• **PROBLEM REQUIREMENTS**:
Drop every image and restate the entries below word for word.

Records from a dataset:
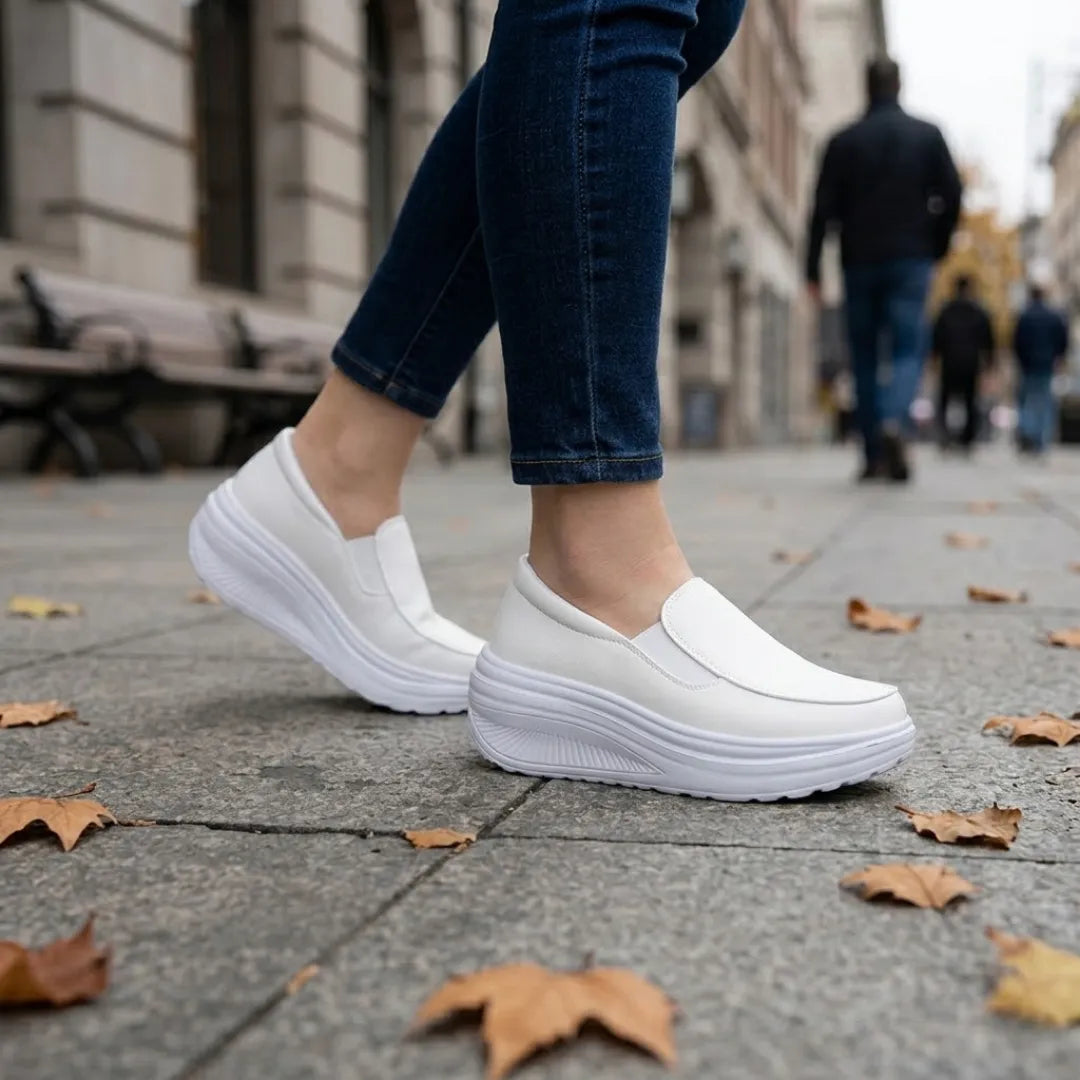Jambes de femme en jean portant les mocassins blancs, marchant sur un trottoir parsemé de feuilles 11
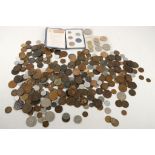 A collection of coins to include pennies, half pennies, sixpences, half crowns, Indian rupees,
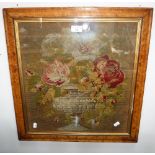 A VICTORIAN NEEDLEWORK of a vase of flowers, in a maple frame, 54 cm high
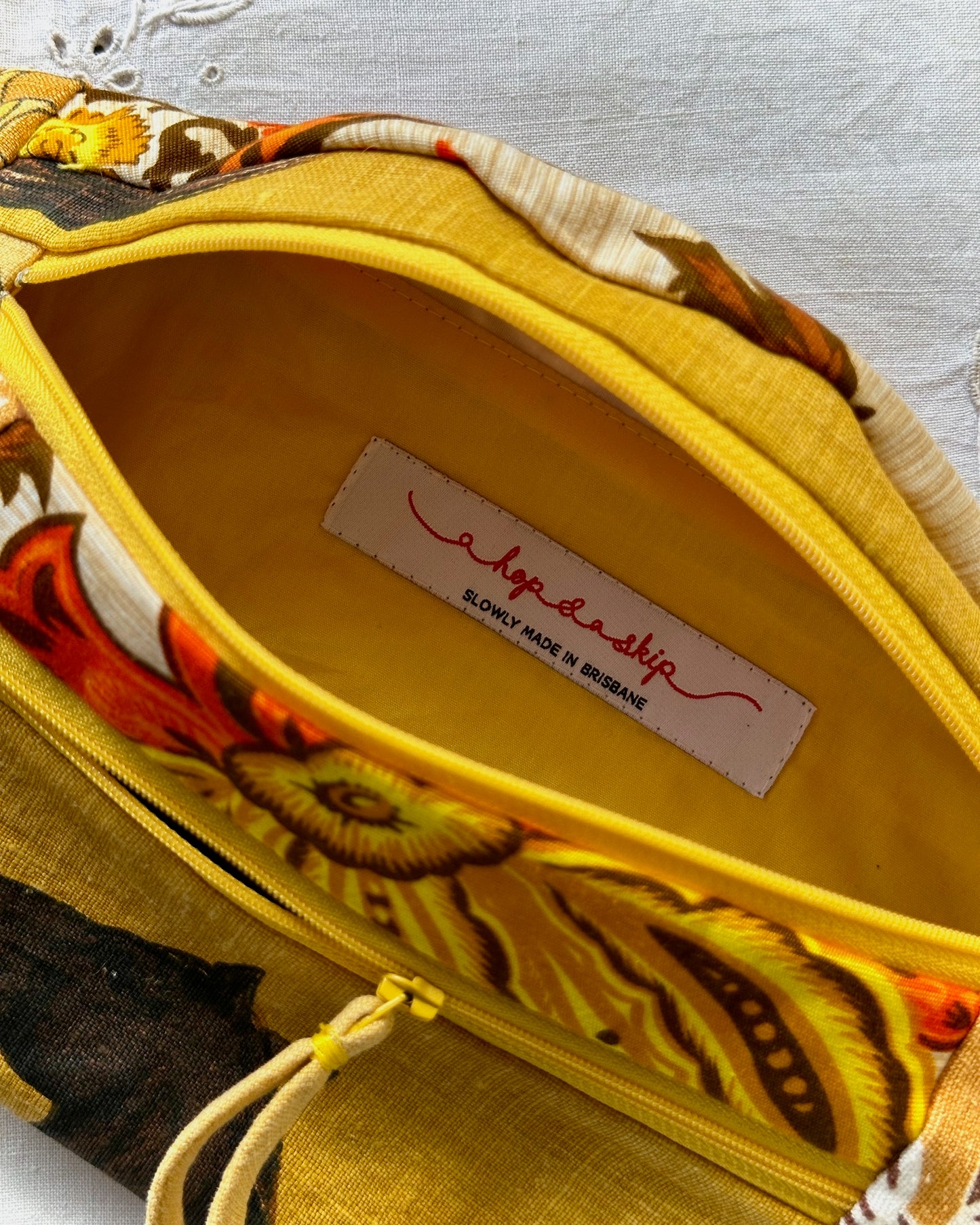 Close-up of a fabric bumbag interior with a bright yellow lining and a floral print exterior in yellow, orange, brown, and cream. A sewn-in label reads 'a hop and a skip' and 'SLOWLY MADE IN BRISBANE'.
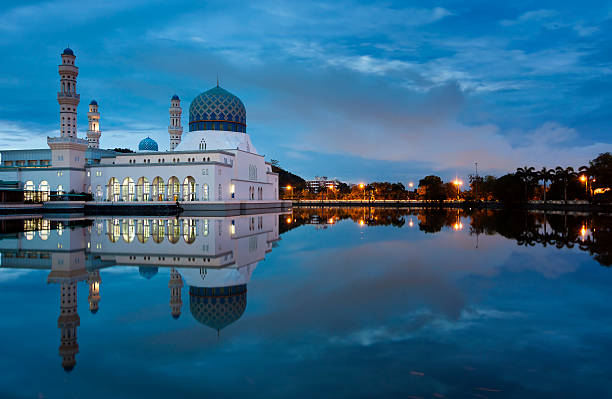 istock Reflection of Kota Kinabalu mosque at blue hour 475385631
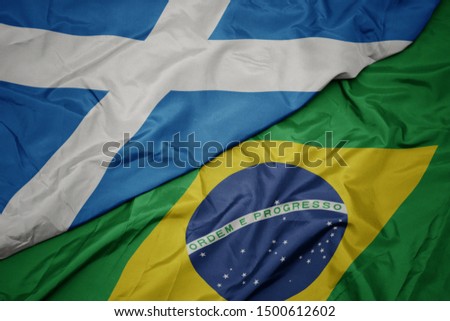 waving colorful flag of brazil and national flag of scotland. macro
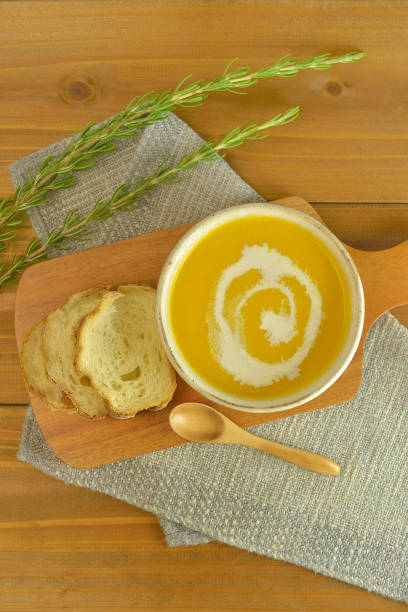istock Pumpkin Soup & Pieces of Bread on the Table 1269862146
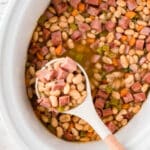 slow cooker ham and beans with a ladle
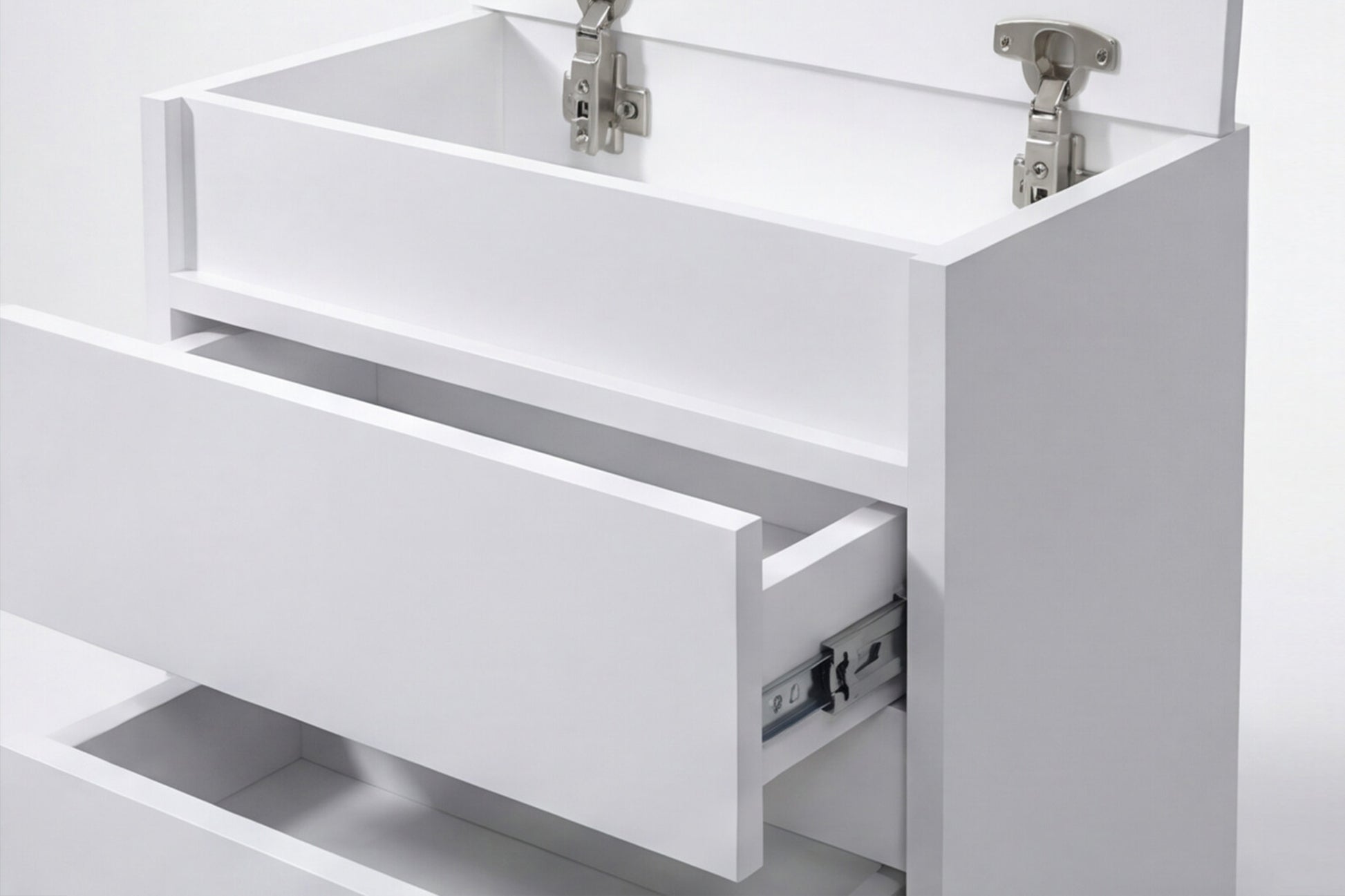 White cabinet with open drawer and visible hinges on a white background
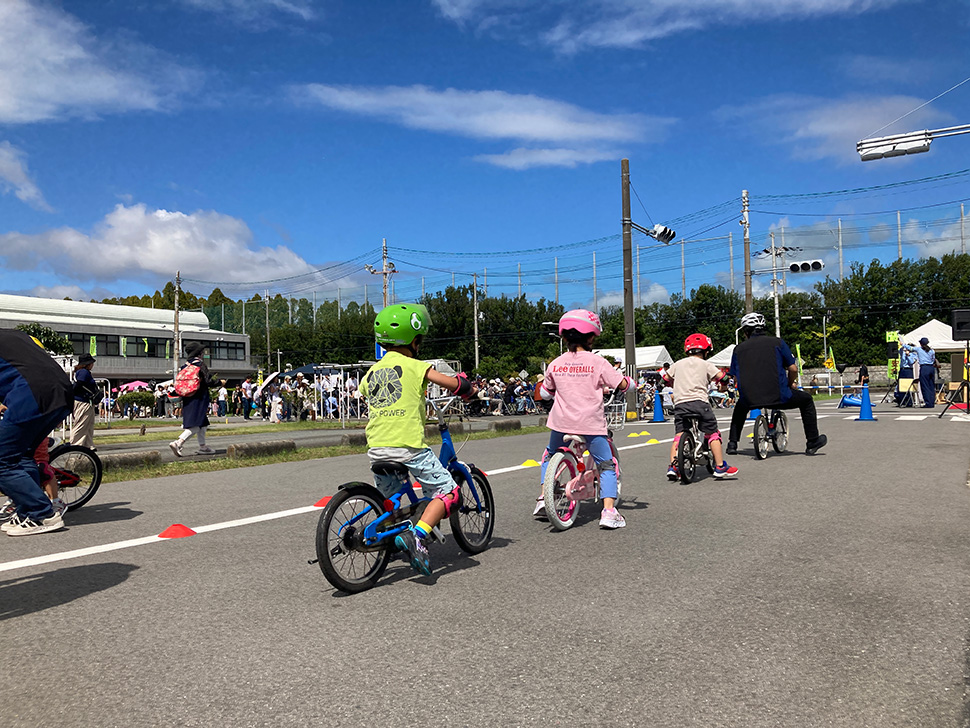 自転車のサドルにまたがって歩く練習をする子どもたち2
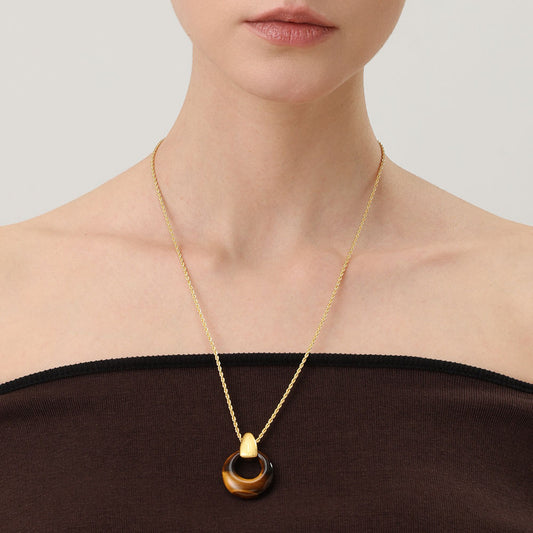 Close-up of a model wearing TIKOO tiger eye necklace for an old money aesthetic.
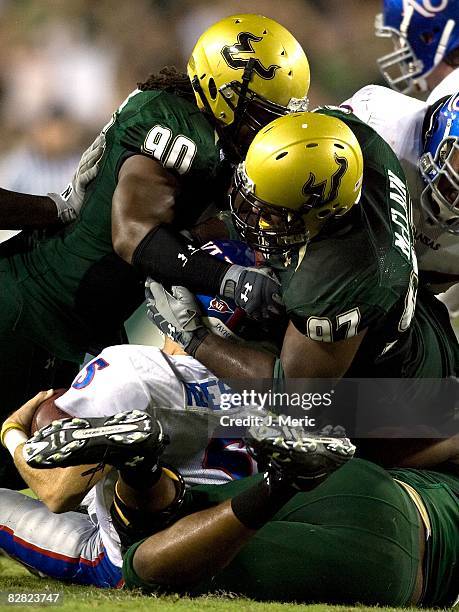 Defenders Jarriett Buie and Terrell McClain of the South Florida Bulls sack quarterback Todd Reesing of the Kansas Jayhawks during the game on...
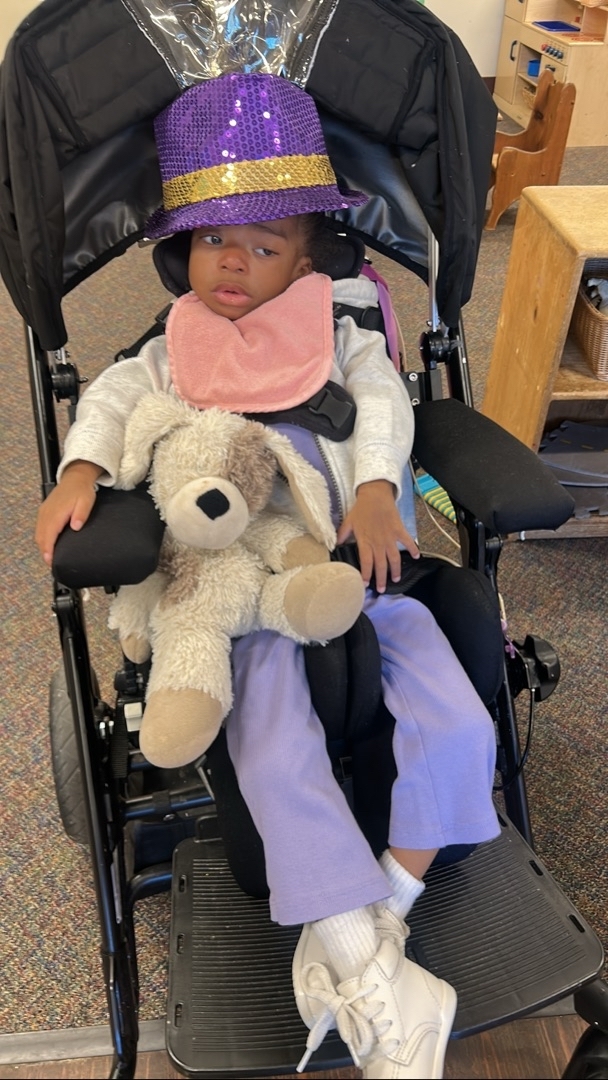 A group of children are sitting on the ground playing with clay.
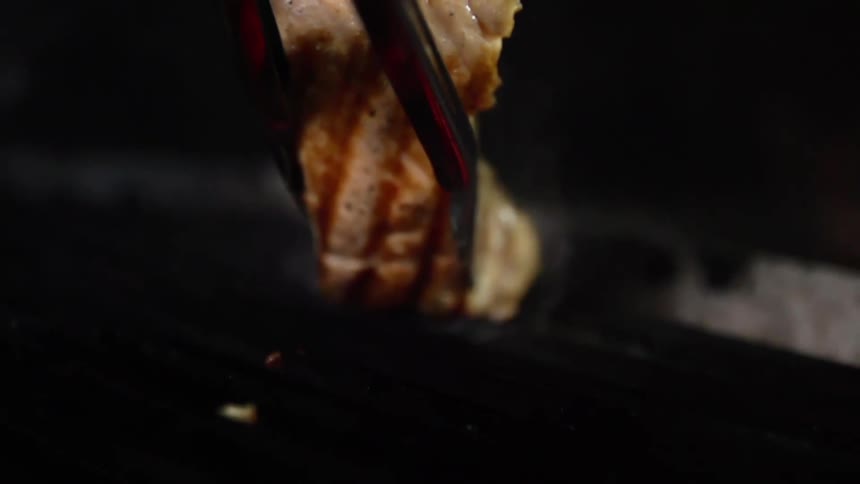 Tongs place fish steak onto smoking grill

• **TASK ANSWER**:
Jambes de femme en jean portant les mocassins blancs, marchant sur un trottoir parsemé de feuilles 11
 A collection of coins to include pennies, half pennies, sixpences, half crowns, Indian rupees,
 A VICTORIAN NEEDLEWORK of a vase of flowers, in a maple frame, 54 cm high
 Close-up of a fabric bumbag interior with a bright yellow lining and a floral print exterior in yellow, orange, brown, and cream. A sewn-in label reads 'a hop and a skip' and 'SLOWLY MADE IN BRISBANE'.
 istock Reflection of Kota Kinabalu mosque at blue hour 475385631
 waving colorful flag of brazil and national flag of scotland. macro
istock Pumpkin Soup & Pieces of Bread on the Table 1269862146
 slow cooker ham and beans with a ladle
 White cabinet with open drawer and visible hinges on a white background
 自転車のサドルにまたがって歩く練習をする子どもたち2
 Close-up of a model wearing TIKOO tiger eye necklace for an old money aesthetic.
 Defenders Jarriett Buie and Terrell McClain of the South Florida Bulls sack quarterback Todd Reesing of the Kansas Jayhawks during the game on...
 A group of children are sitting on the ground playing with clay.
 Tongs place fish steak onto smoking grill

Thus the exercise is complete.